### Provided data
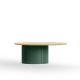 Table basse Ø 100 cm DUNE Punt, chêne blanchi et base verte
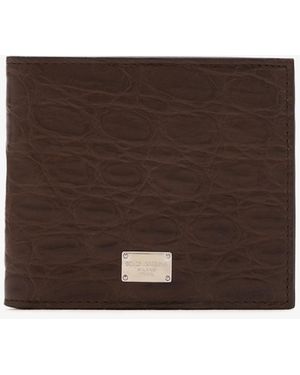 Dolce & Gabbana Crocodile Nappa Bifold Wallet - Brown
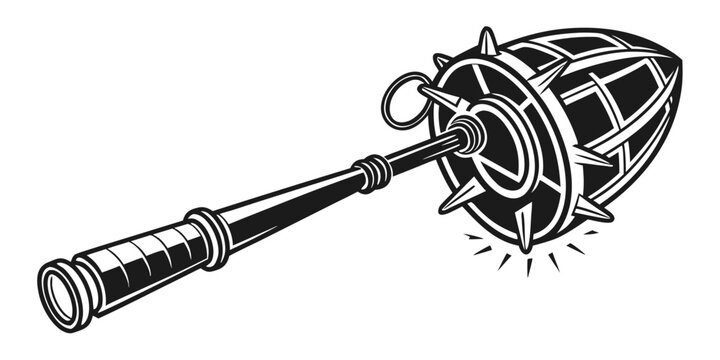 a large spiked ball and chain flail weapon Vector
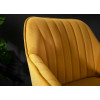 Chaise de bar haute velours jaune moutarde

### Exercise directions
Every line of the material is to be quoted exactly, with no pictures carried over.

### Your response
 Table basse Ø 100 cm DUNE Punt, chêne blanchi et base verte
 Dolce & Gabbana Crocodile Nappa Bifold Wallet - Brown
 a large spiked ball and chain flail weapon Vector
 Chaise de bar haute velours jaune moutarde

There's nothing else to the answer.